Data section section start

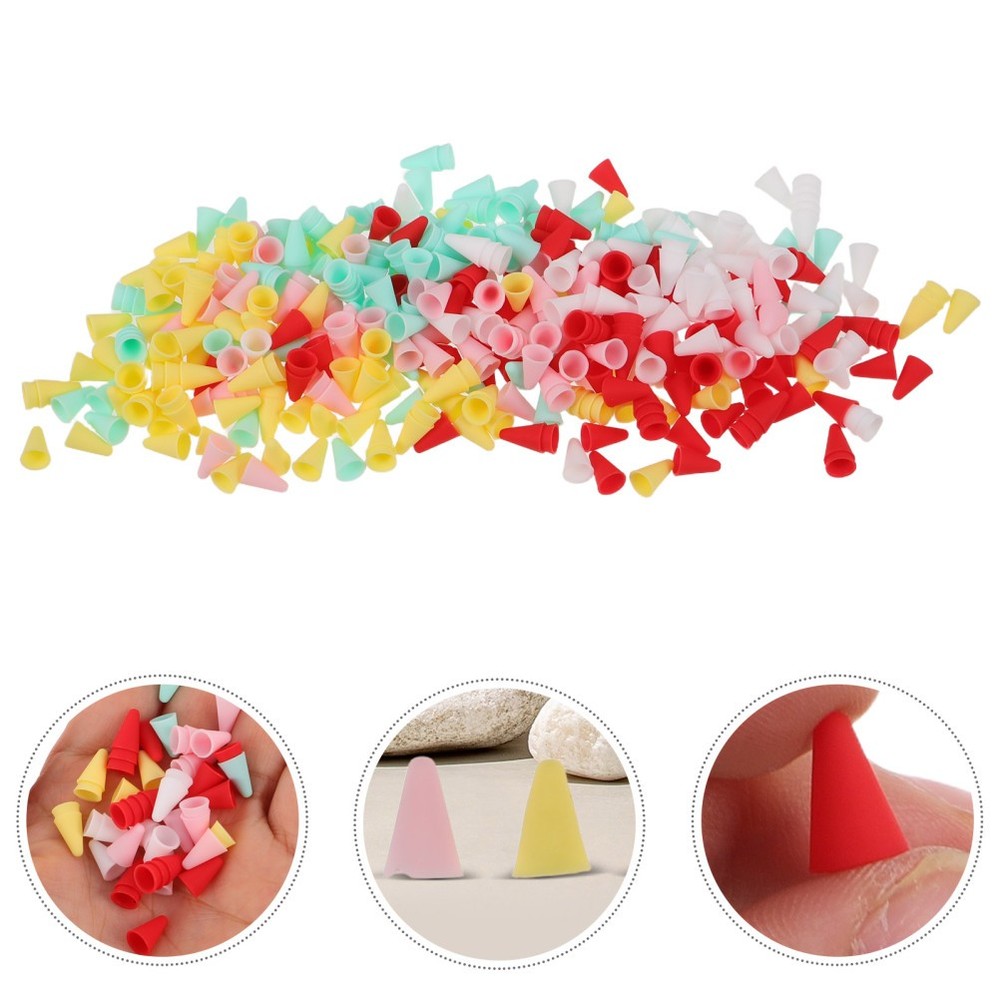 500 PCS Stylus Protective Cover Tablet Pen Dust Pencil Protector
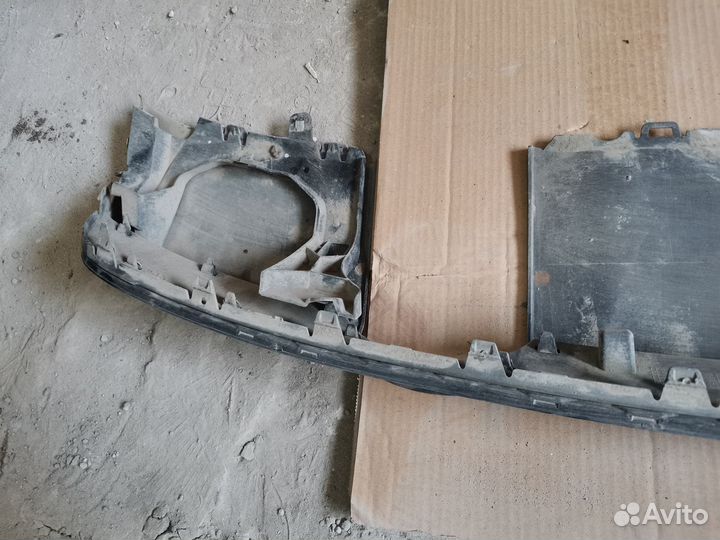 Юбка заднего бампера Audi TT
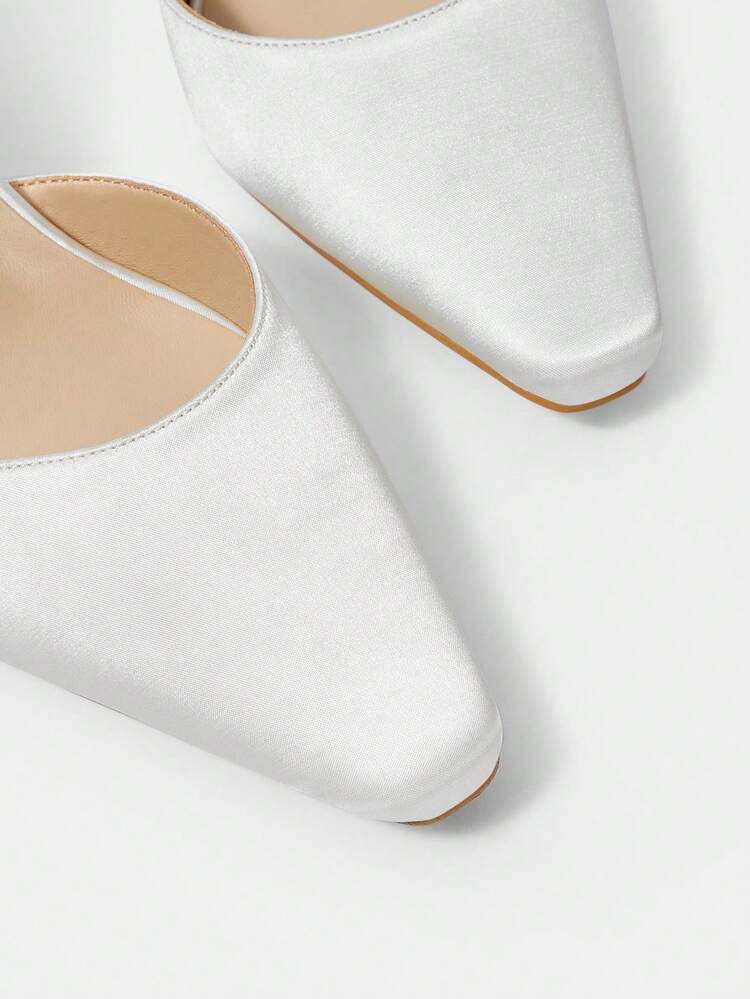 Women's Pointed Toe Ankle Strap Stiletto Heels Solid Color Pumps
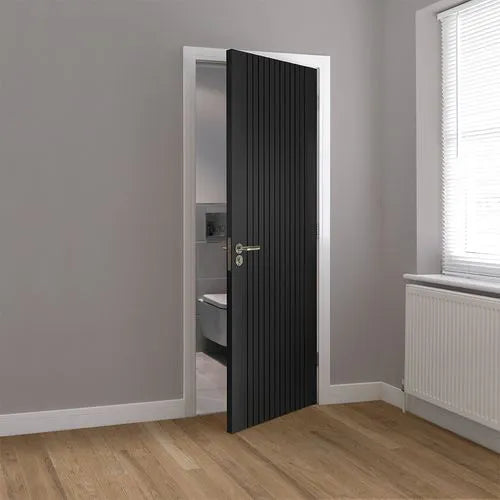 Liberty Aria Fluted Black Laminate Internal Door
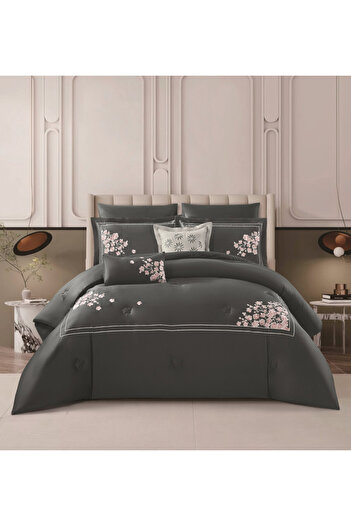 Levore Livori 100% Cotton Luxury Summer Bedspread for Double Bed Size 200x200 cm, 8 Pieces, 240 Thread Count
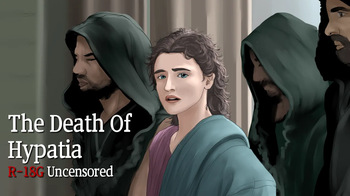 The Death of Hypatia  + Fallen Flowers preview cover
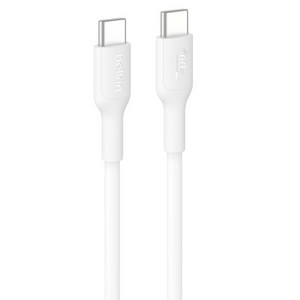 벨킨 C타입-C타입 60W 고속 충전 케이블 CAB023fq1MWH, 화이트, 1개, 1m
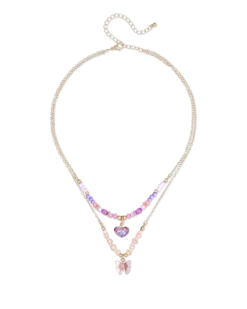 Collier multirangs pour enfant - Special Pink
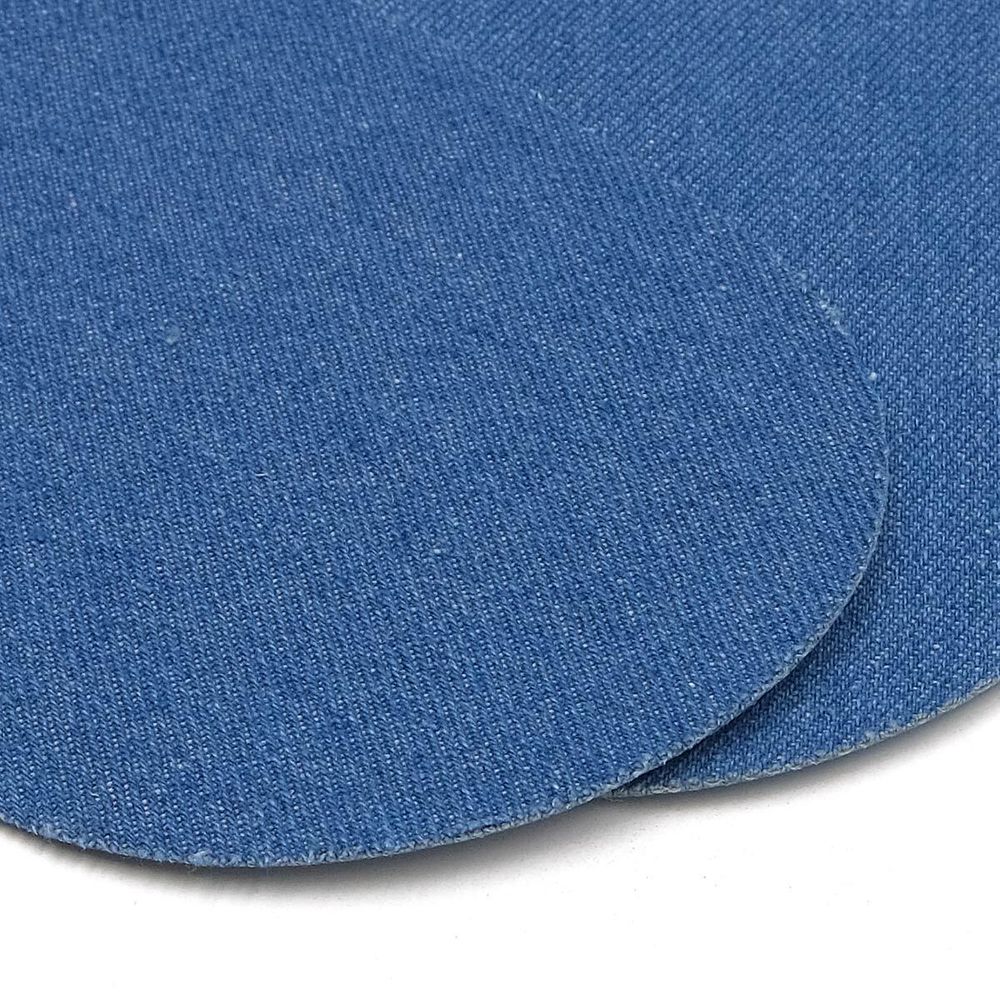 Термозаплатка, джинс, 100x140мм (синий (blue2)), AZ07, 2 шт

Data section section end

> [About this task] Everything from the line with "Liberty Aria Fluted" through the end of the records above, and nothing else, is to be quoted exactly; please leave the pictures out.

> [Response]
 Liberty Aria Fluted Black Laminate Internal Door
 Levore Livori 100% Cotton Luxury Summer Bedspread for Double Bed Size 200x200 cm, 8 Pieces, 240 Thread Count
 The Death of Hypatia  + Fallen Flowers preview cover
 벨킨 C타입-C타입 60W 고속 충전 케이블 CAB023fq1MWH, 화이트, 1개, 1m
 Collier multirangs pour enfant - Special Pink
 Термозаплатка, джинс, 100x140мм (синий (blue2)), AZ07, 2 шт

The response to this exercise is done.